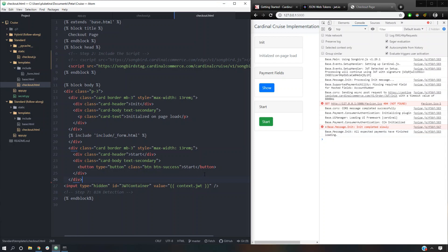I guess we are finished with part one. Next we're going to split off into the different flows — hybrid and standard. If anybody has any questions about this process, please leave comments below so I can answer them, and maybe other people who have the same question can see those too. Thank you guys for watching and I will see you in part two. Bye-bye.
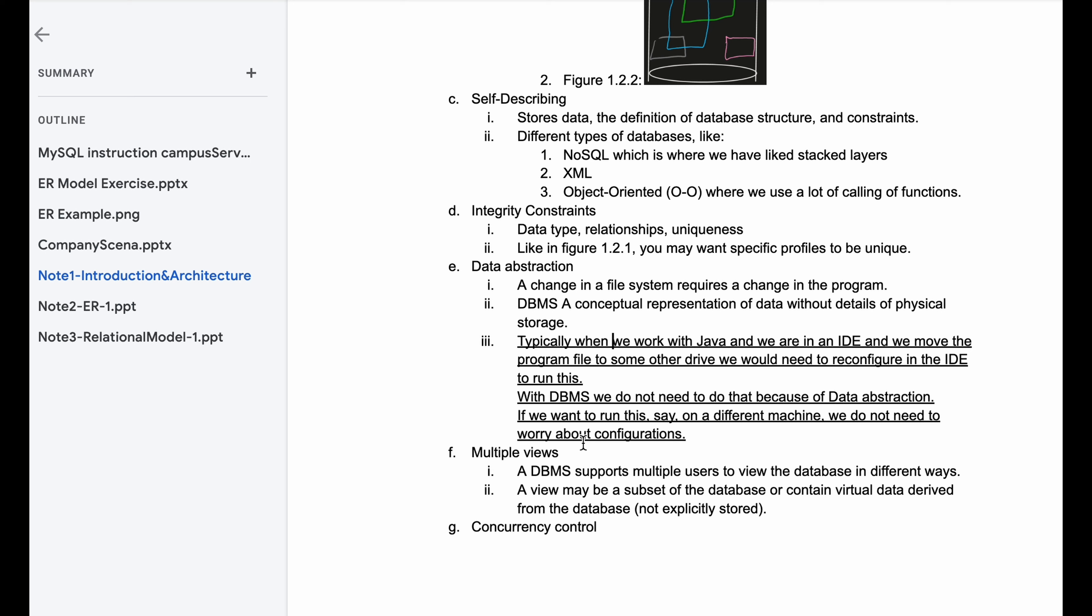We also have multiple views. A DBMS supports multiple users to view the database in different ways. A view may be a subset of the database or contain virtual data derived from the database. This is not explicitly stored.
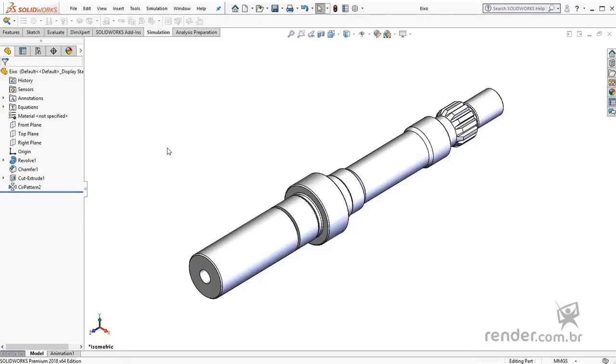In this class we will know the tool Mesh Failure Diagnostic, which is very useful in solving problems that occur in the generation stage of the mesh. Let's see in practice how to use it.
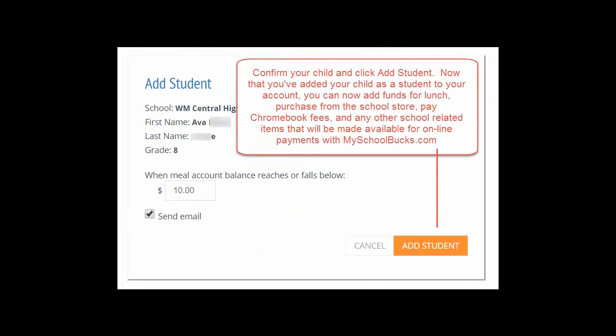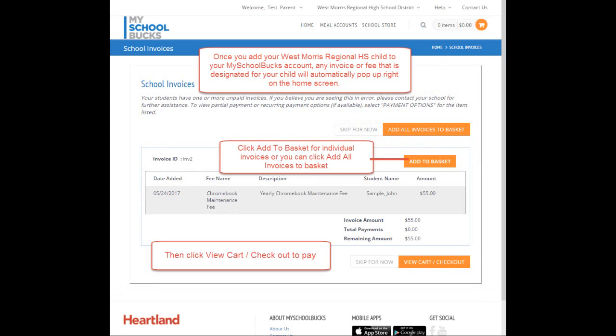Now that you have added your child as a student to your account, you can now add funds for lunch, purchase from the school store, pay Chromebook fees, and any other school-related items that will be made available for online payments with MySchoolBucks.com.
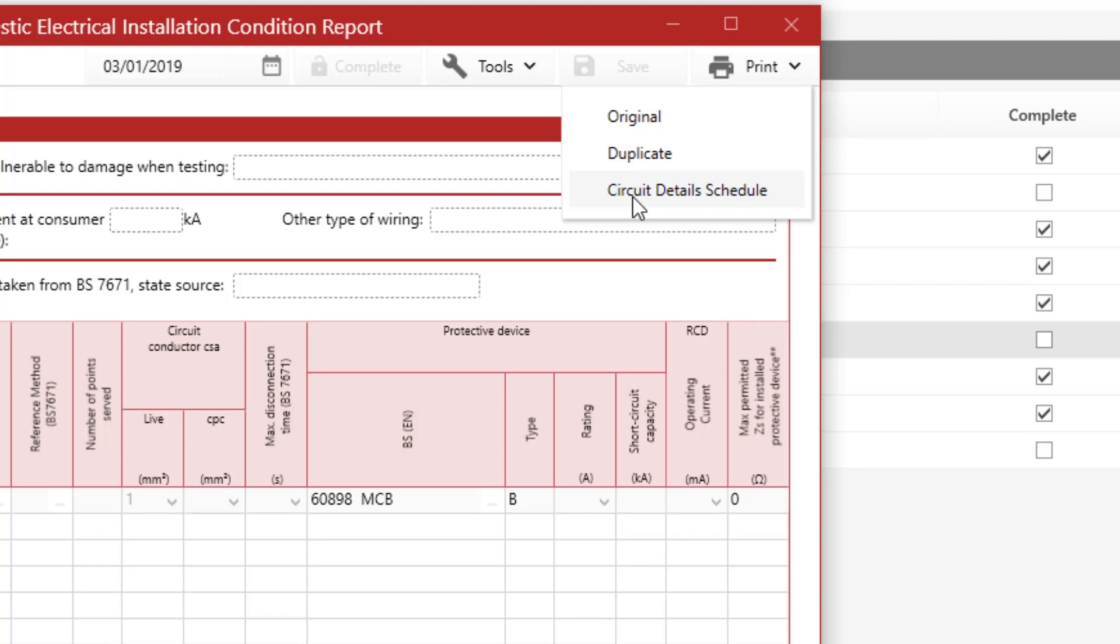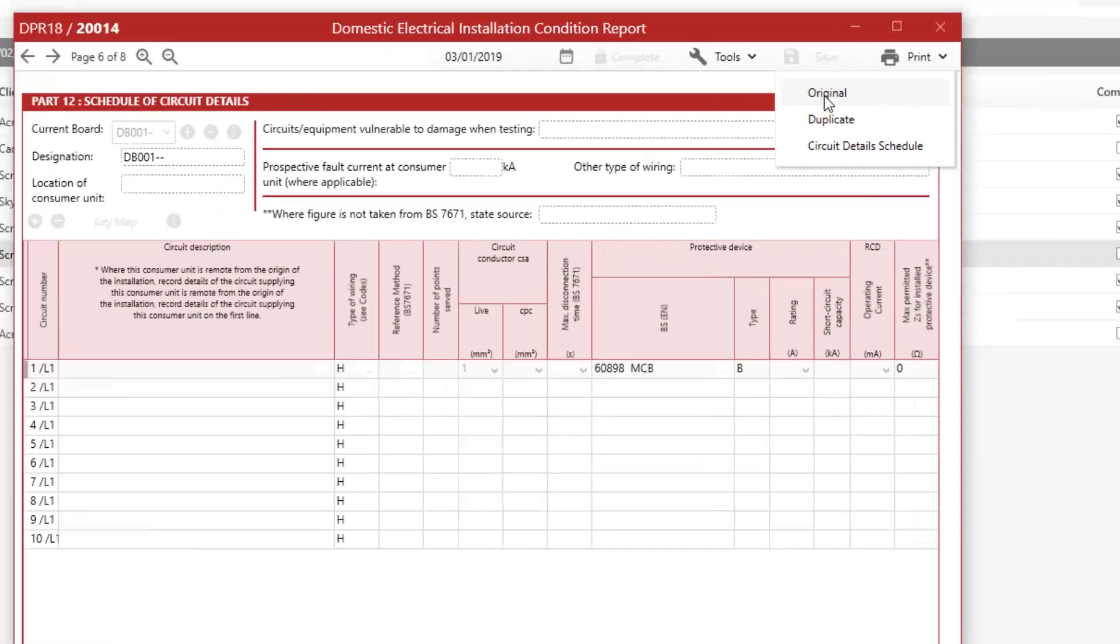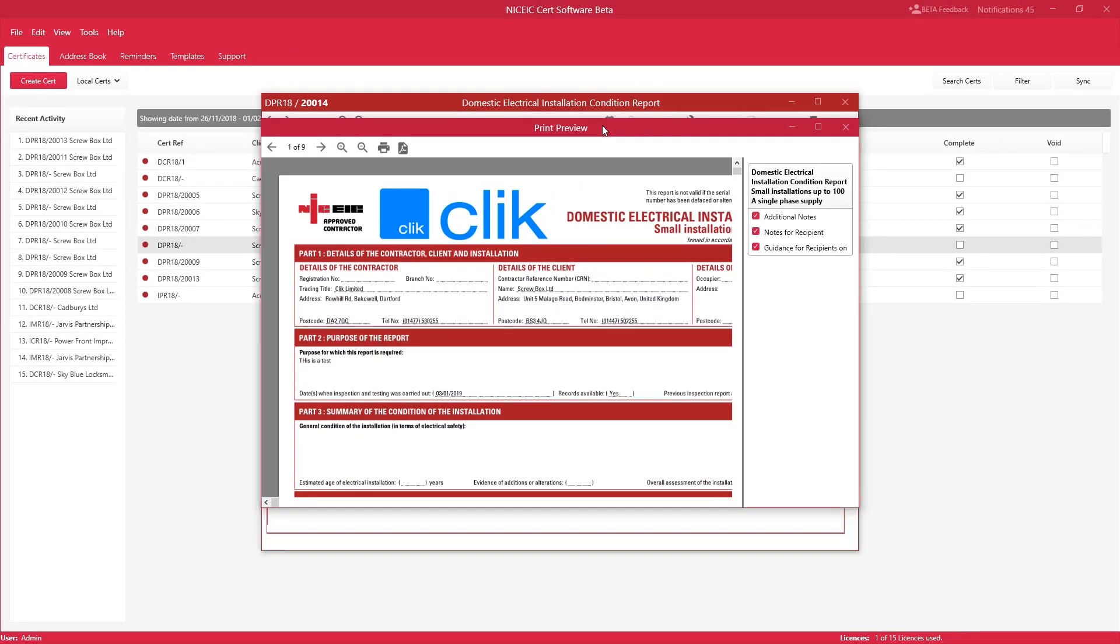In this case, we're going to print original. So here it is. You can see that you've now got your certificate ready to print out to your printer by clicking on the print icon here.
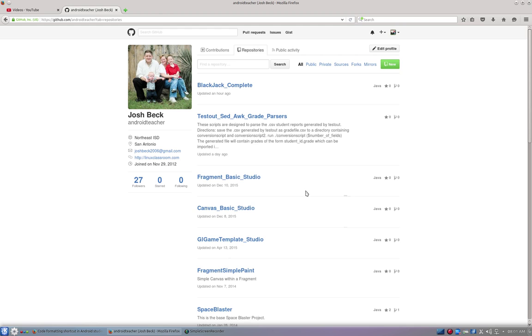The first one is Canvas Basic Studio and this gives us a canvas we can draw to. You can check that out and you can work through the series with me. If you're in my class, that's what I'm going to ask you to do. Pick up that canvas and then we're going to start drawing to it and we're going to build the game step by step.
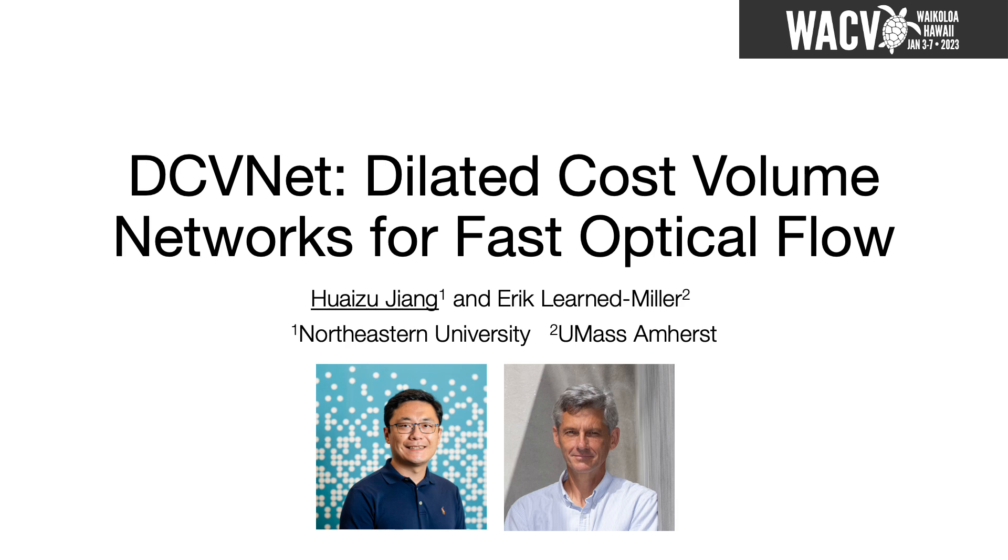Hello everyone, my name is Huizu Jiang. I am an assistant professor at Northeastern University. I am happy to give an overview of our work DCVNet: Dilated Cost Volume Networks for Fast Optical Flow. This is a joint work with Eric Learned-Miller from UMass Amherst.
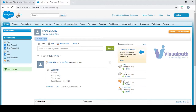Hi guys, welcome back to another session of Salesforce. In this session we'll be learning something about page layout. Page layout is nothing but displaying different user interfaces to different users.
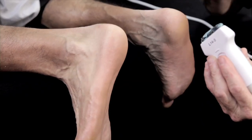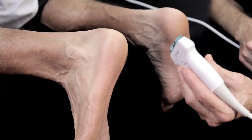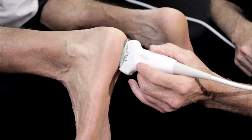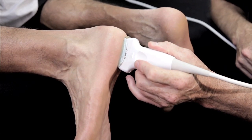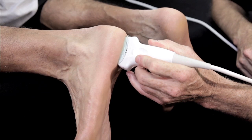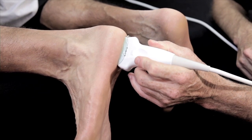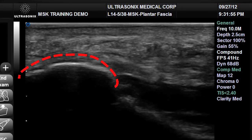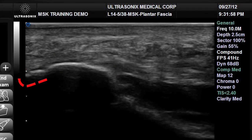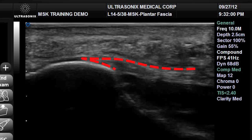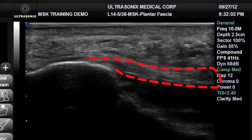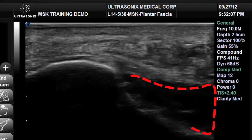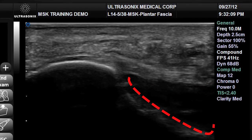With the patient properly positioned to expose the plantar aspect of the foot, we place the probe in a longitudinal orientation at the calcaneal margin and then slightly rotate it in an oblique orientation to visualize the medial attachment of the plantar fascia. We visualize the convexity of the calcaneus, and superficial to that the tapered attachment of the plantar fascia as it extends from left to right into the midfoot. The hypoechoic region deep to the fibers of the plantar fascia are the deep flexor muscles of the foot.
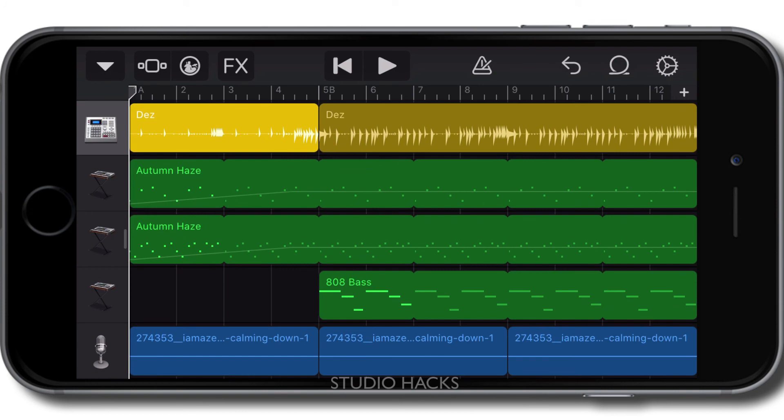So those are three ways you can change the volume of individual instruments or tracks and even automate them over time in GarageBand. Thanks for that question on Quora.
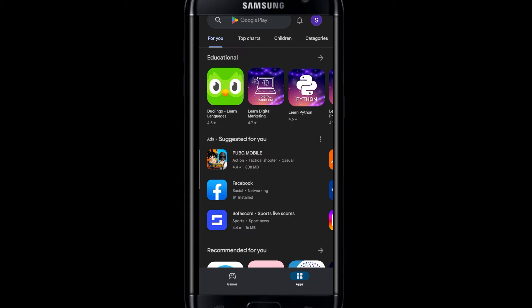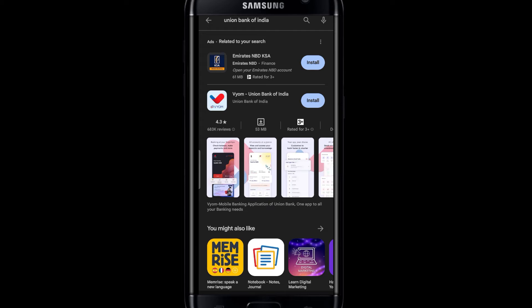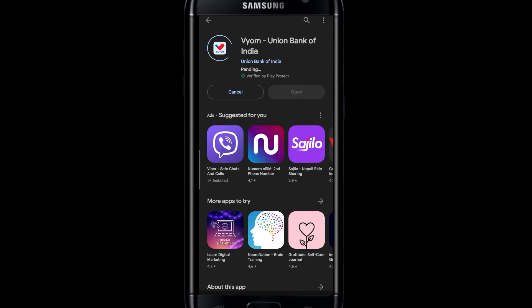Simply tap on Union Bank of India and start the search. You will then find the VM application, which is the official app for Union Bank of India. Simply tap on the button and this will begin the download and installation of the VM Union Bank of India application. Wait for a while until the installation is complete.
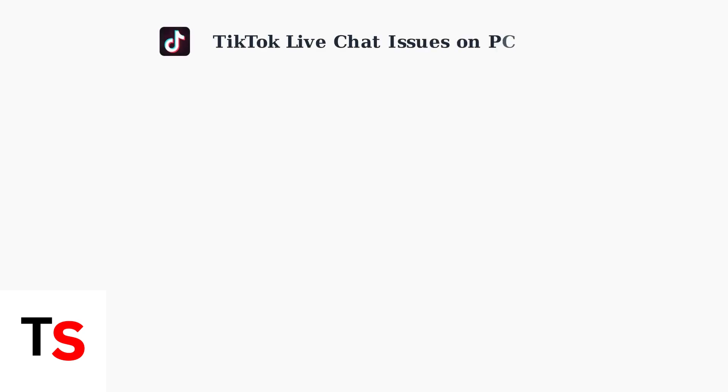TikTok live chat problems on PC are extremely common for both viewers and creators. Understanding why these issues occur and how to fix them quickly can save you hours of frustration.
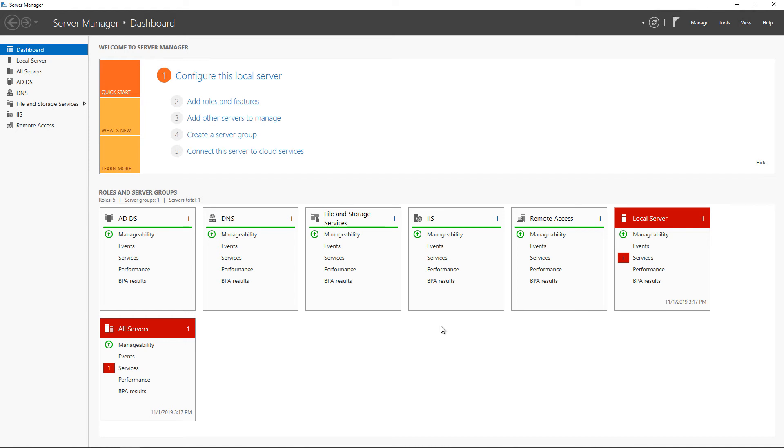In Windows Server 2019, we have the ability to turn on a Recycling Bin, and that is for Active Directory. What that allows us to do is if we accidentally delete an object in Active Directory, we can get it back using this Recycling Bin feature.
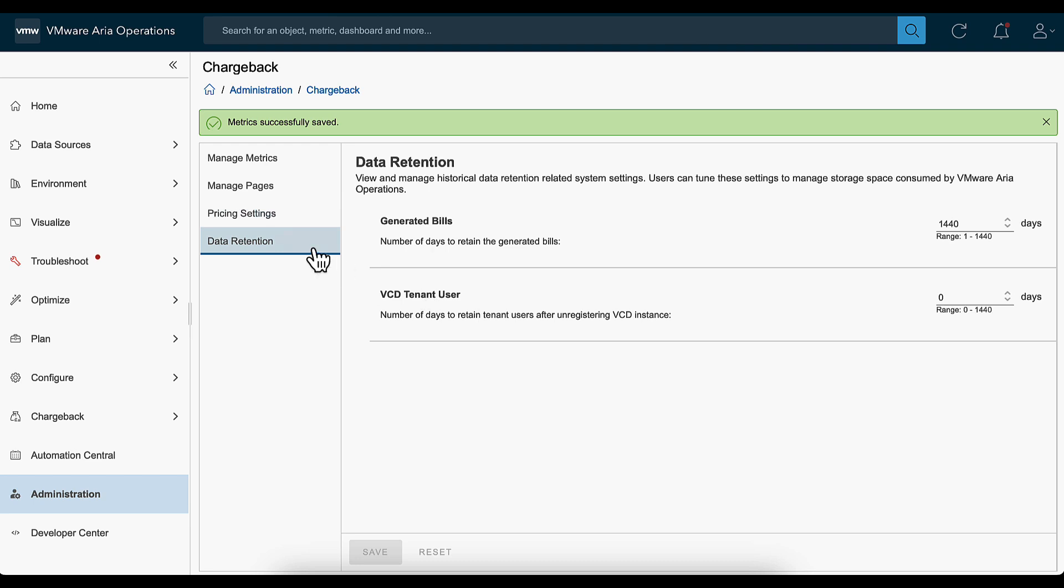Under the Data Retention section, you can change the historical data retention period. You can retain this data for a maximum of 1440 days. Modify the number of days to retain tenant users after unregistering the VCD instance. Click Save to commit all your settings for the tenants.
* * * * * * * * *
| Instructions for the task |
Omit the pictures. Print, word for word, the lines from the beginning of the entries above through the line that holds "We also have".

| Task output |
I guess we are finished with part one. Next we're going to split off into the different flows — hybrid and standard. If anybody has any questions about this process, please leave comments below so I can answer them, and maybe other people who have the same question can see those too. Thank you guys for watching and I will see you in part two. Bye-bye.
We also have multiple views. A DBMS supports multiple users to view the database in different ways. A view may be a subset of the database or contain virtual data derived from the database. This is not explicitly stored.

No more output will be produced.